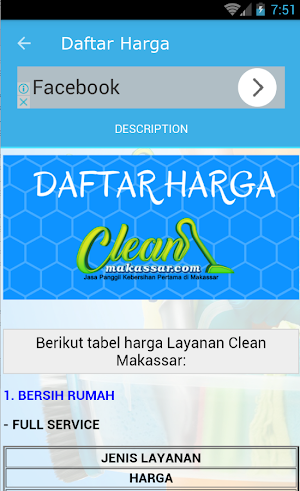 Clean Makassar Screenshot 2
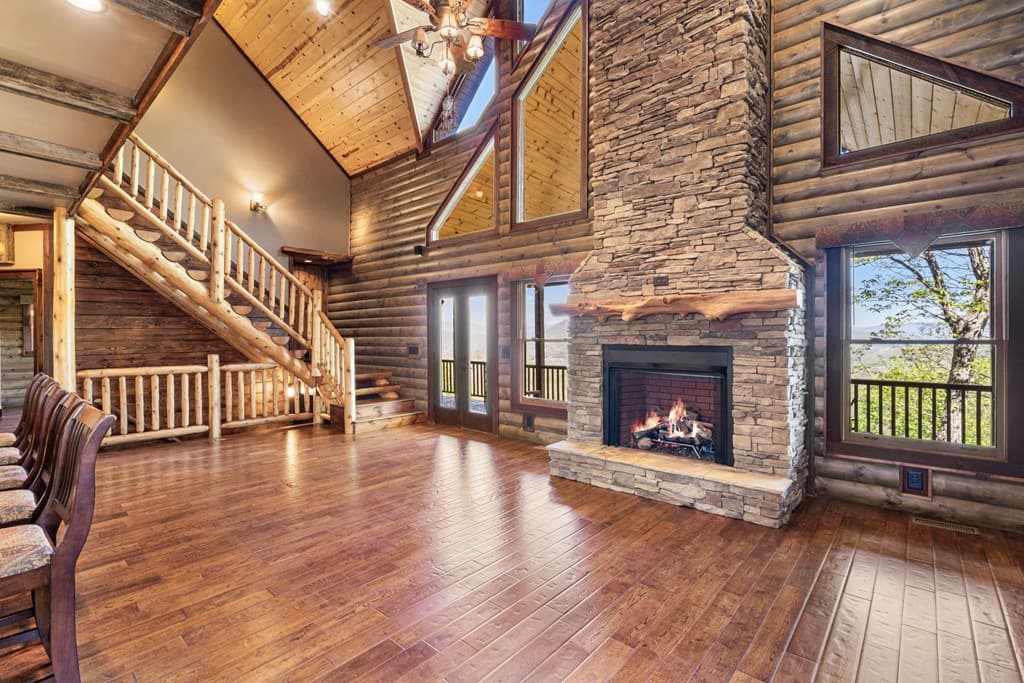 1689 Long Ridge Road, Hiawassee GA 30546 - Photo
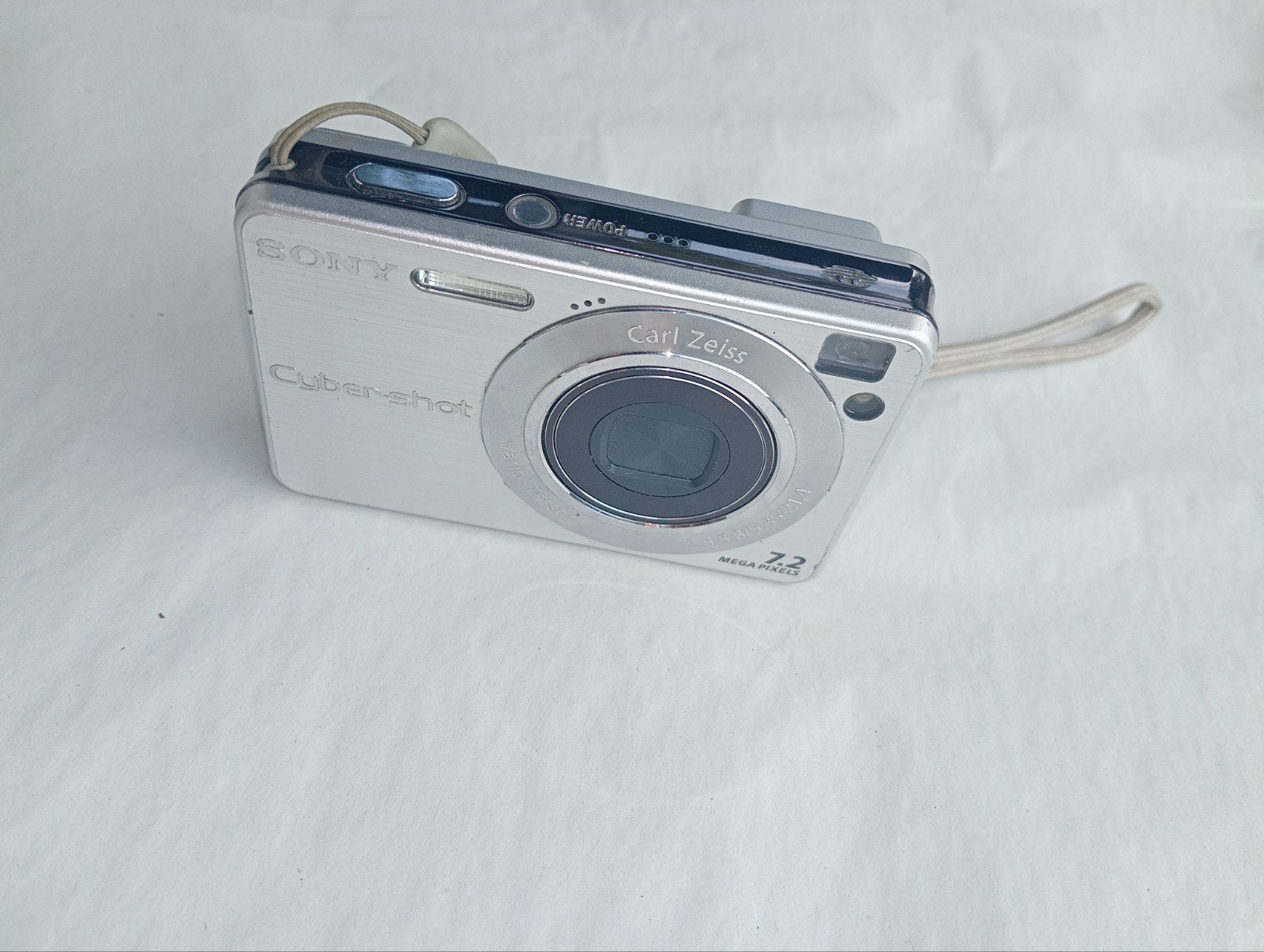 Sony cyber shot, Audio, Tv en Foto, Fotocamera's Digitaal, Ophalen of Verzenden, Sony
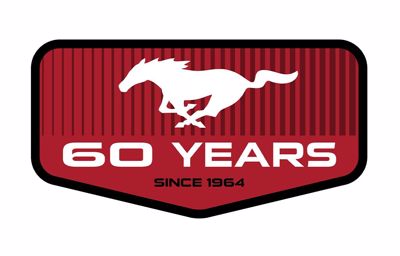 Vi feirer 60 år med Ford Mustang®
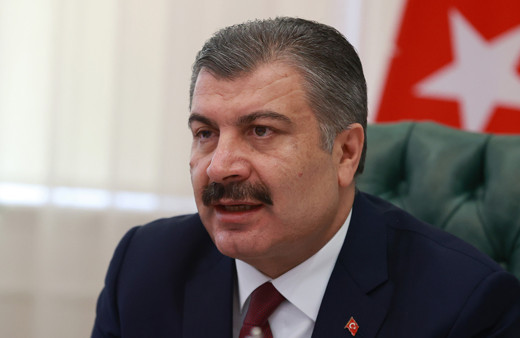 Sağlık Bakanı Fahrettin Koca: Patlamada yaralanan 126 kişiden 121'i taburcu oldu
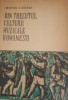 Din trecutul culturii muzicale romanesti - Cristian C. Ghenea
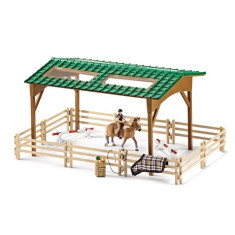 Set De Joaca Schleich Zona De Calarit - 42189 foto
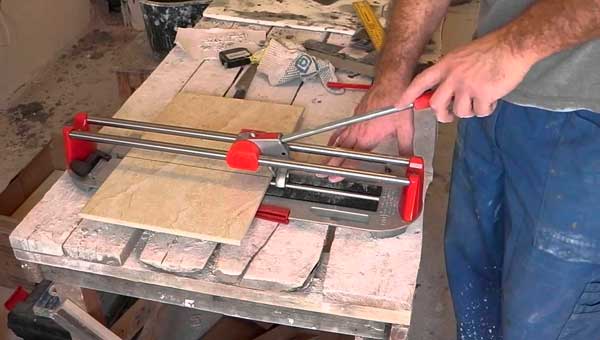 Как резать кафельную плитку правильно и аккуратно советы профессионалов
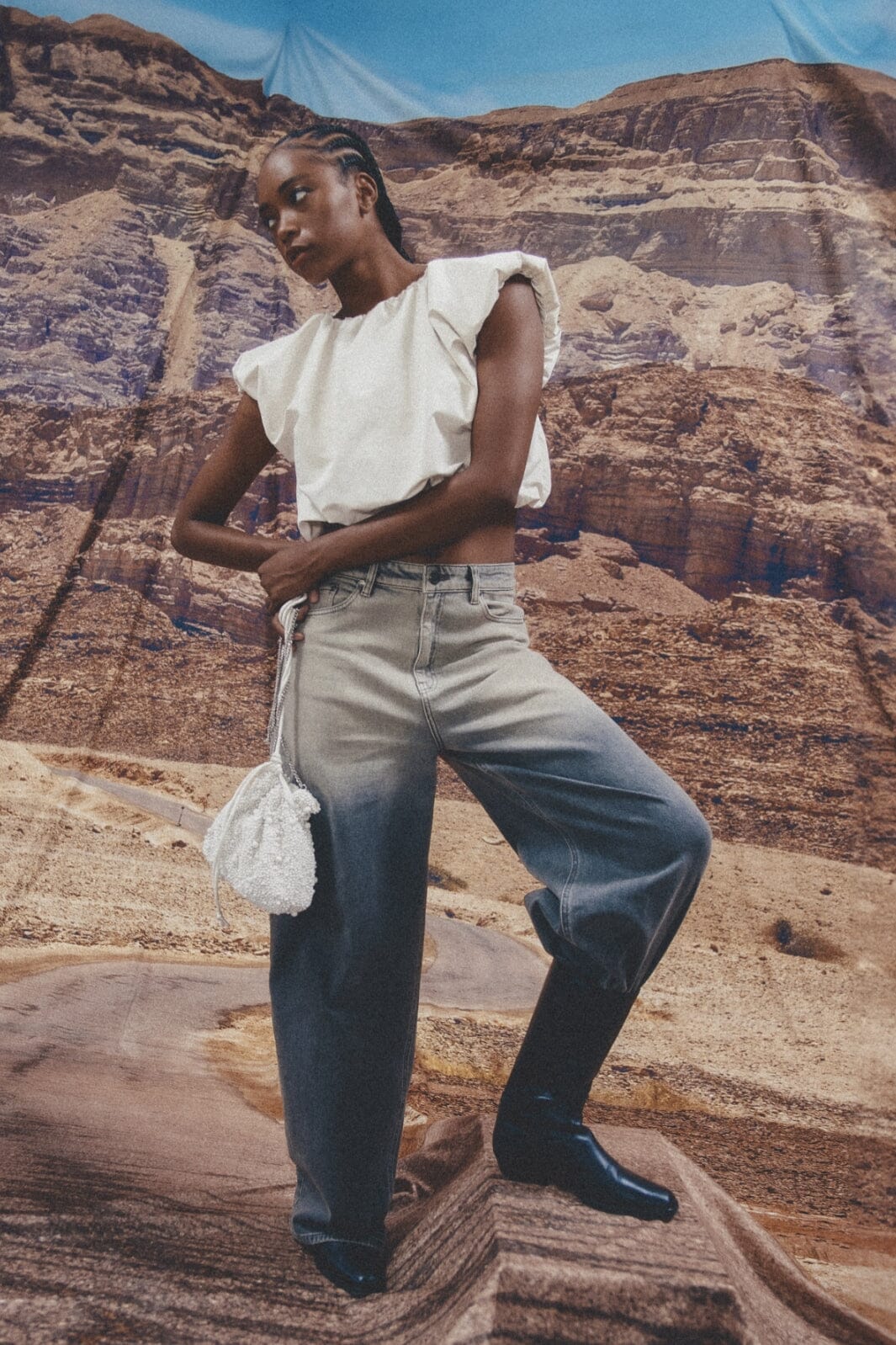 Gestuz Zorellygz Wide Pants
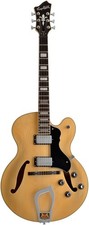 Hagstrom HJ 500 Natural Gloss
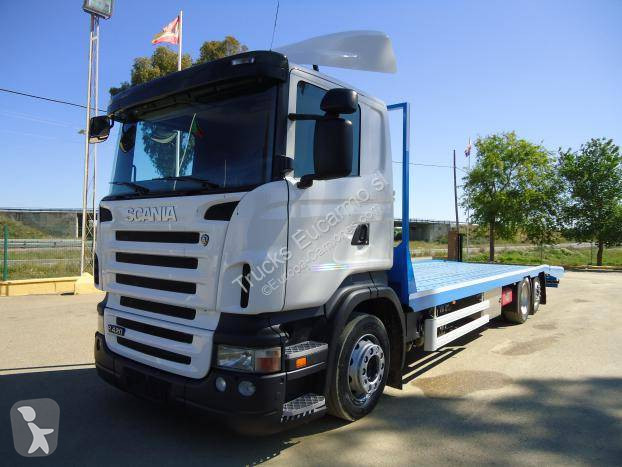 Maskinbæreren Scania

What is being asked
Take the lines from the one holding "Sony cyber shot, Audio, Tv" through the last line of the data above and copy them exactly, both ends included, omitting all pictures.

Answer section
 Sony cyber shot, Audio, Tv en Foto, Fotocamera's Digitaal, Ophalen of Verzenden, Sony
 Vi feirer 60 år med Ford Mustang®
 Sağlık Bakanı Fahrettin Koca: Patlamada yaralanan 126 kişiden 121'i taburcu oldu
 Din trecutul culturii muzicale romanesti - Cristian C. Ghenea
 Set De Joaca Schleich Zona De Calarit - 42189 foto
 Как резать кафельную плитку правильно и аккуратно советы профессионалов
 Gestuz Zorellygz Wide Pants
 Hagstrom HJ 500 Natural Gloss
 Maskinbæreren Scania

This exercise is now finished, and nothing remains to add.